Learning DE Roadmap
A FAQ in the community is a structured roadmap for learning Data Engineering and it's about time we start addressing it. We currently have a getting started guide but it's not detailed enough and was meant to be improved on anyways.
It can be a complex question to answer but we can simplify it by adding a few constraints. Since the majority of folks asking are those who are new to DE or trying to transition we should focus on skills for junior/entry level and mid level roles. While there aren't many jr roles at the moment it can still be useful to make the distinction for foundational skills. To make it as general as possible, I believe we should exclude tools/requirements that only apply to FAANG-like companies since they are more niche and oftentimes FAANG companies have developed their own internal tooling to solve their unique problems. Finally, the focus should be on core concepts instead of tooling. While we can include specific tools, we should try to avoid directly recommending specific tools and instead point learners to pages that have lists of the current popular tools to keep this resource as evergreen as possible (example: workflow orchestration popular tools).
While I don't believe a diagram is a requirement, I do think it could be helpful if we can get it to render nicely in mermaid because we can then make it interactive and link to other notes in the wiki like we do with other diagrams. The canvas feature for Obsidian publish is not yet supported so we would probably use a mermaid flowchart for now.
Existing popular roadmap shared in the community:
- Data Engineer Roadmap 2021 by datastacktv
- Visually appealing
- I like how they distinguished nice to have skills
- Comments under major topics explaining why it's necessary is helpful
- Just found that there's a text version as well: https://github.com/datastacktv/data-engineer-roadmap/blob/master/text/roadmap.md
- Overall I really like it but it could probably be broken up by role or skill level to make it more manageable
- Looks like the company is now defunct so the roadmap hasn't been updated (maybe we can adopt the repo?)
For V1, please share any thoughts/ideas/constructive criticism on the structure and core concepts. I'll start a new branch after Christmas and start something we can work from.
https://awesomedataengineering.com/
Here are couple of ideas:
- Anything that is not a core data concept should be after core concepts. Ex. Anything related to testing should be way after SQL. You should not be writing integration or even unit tests if you cant build a working pipeline.
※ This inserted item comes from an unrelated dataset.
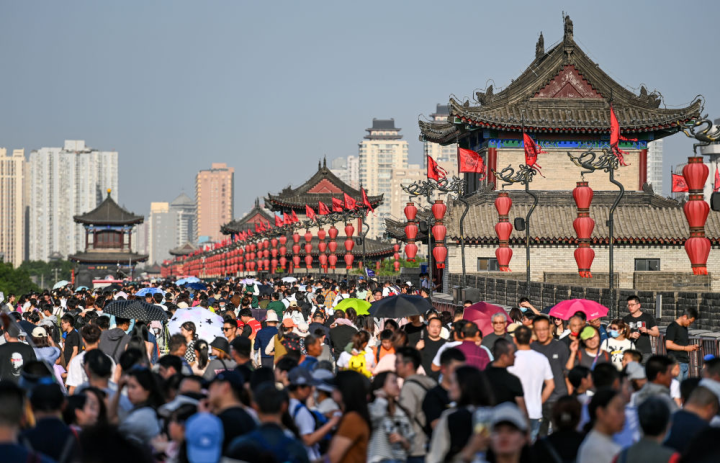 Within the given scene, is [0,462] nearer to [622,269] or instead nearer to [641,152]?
[622,269]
- Core concepts can be defined as:
Concepts that can be found most of the junior/mid level data engineers day-to-day tasks- SQL
- Programming Language
- Storage (S3 / Harddrive)
- OLAP / OLTP Database
- Orchestrator (I would even put this as three, it is core of batch processing which is most of the industry)
- Basic data modelling (data types, partitions, maybe primary, foreign, unique keys and indices)
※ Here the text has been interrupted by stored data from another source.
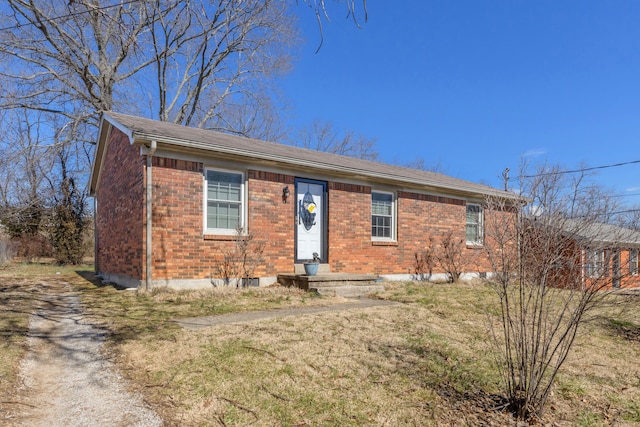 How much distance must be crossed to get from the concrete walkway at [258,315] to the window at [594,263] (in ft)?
13.0

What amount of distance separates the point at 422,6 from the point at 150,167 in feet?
19.1

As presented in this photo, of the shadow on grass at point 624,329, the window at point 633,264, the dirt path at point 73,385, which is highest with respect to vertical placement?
the window at point 633,264

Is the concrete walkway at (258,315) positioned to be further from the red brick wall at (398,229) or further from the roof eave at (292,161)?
the red brick wall at (398,229)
- Git So no Streaming, NoSQL, MapReduce, Hadoop etc.
- After core concepts, more advanced and less used one can be given such as:
- Distributed Computing, Hadoop, MapReduce
- Spark
- NoSQL (Just to understand more dist. computing and to pull / push data)
- Docker and basic infrastructure and networking
- Advanced data modelling (Snowflake, Star schema, One Big Table)
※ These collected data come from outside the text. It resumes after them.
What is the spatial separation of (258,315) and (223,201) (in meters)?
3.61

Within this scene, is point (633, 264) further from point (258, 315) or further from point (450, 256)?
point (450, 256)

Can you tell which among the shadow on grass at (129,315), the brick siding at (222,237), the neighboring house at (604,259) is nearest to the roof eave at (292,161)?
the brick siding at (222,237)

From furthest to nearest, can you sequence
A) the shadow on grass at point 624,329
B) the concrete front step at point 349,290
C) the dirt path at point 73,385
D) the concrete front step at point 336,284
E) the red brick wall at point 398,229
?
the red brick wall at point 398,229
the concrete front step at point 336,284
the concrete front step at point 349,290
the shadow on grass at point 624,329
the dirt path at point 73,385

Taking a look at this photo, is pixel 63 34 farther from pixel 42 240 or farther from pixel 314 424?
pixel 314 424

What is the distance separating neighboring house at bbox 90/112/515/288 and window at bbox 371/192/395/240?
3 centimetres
- Streaming (I believe this is way too advanced for beginners)
- Anything that I missed or more related to general software engineering (Tests, CI/CD etc.)
- Cloud and advanced infrastructure (maybe Kubernetes)
Like anything else, there's basic and advanced streaming, it's not a niche skill nor is it gated to senior engineers. IMO It's a huge disservice for a junior level not to have basic familiarity with where the industry is heading.
I just created a page to start playing around with. I figured we'd start with entry level -> mid level roles since that's what most people are looking for. I'll add more to this later but feel free to make edits. https://github.com/data-engineering-community/data-engineering-wiki/tree/49-roadmap
I just created a page to start playing around with. I figured we'd start with entry level -> mid level roles since that's what most people are looking for. I'll add more to this later but feel free to make edits. https://github.com/data-engineering-community/data-engineering-wiki/tree/49-roadmap
In my opinion databases should be part of the computer science "computer resources" would probably just be called "Operating Systems" So computer science fundamentals would be something like:
Operating Systems -> Networks -> Databases or ->Databases->Networks
But generally not sure if the whole thing is not just reinventing the wheel at the end.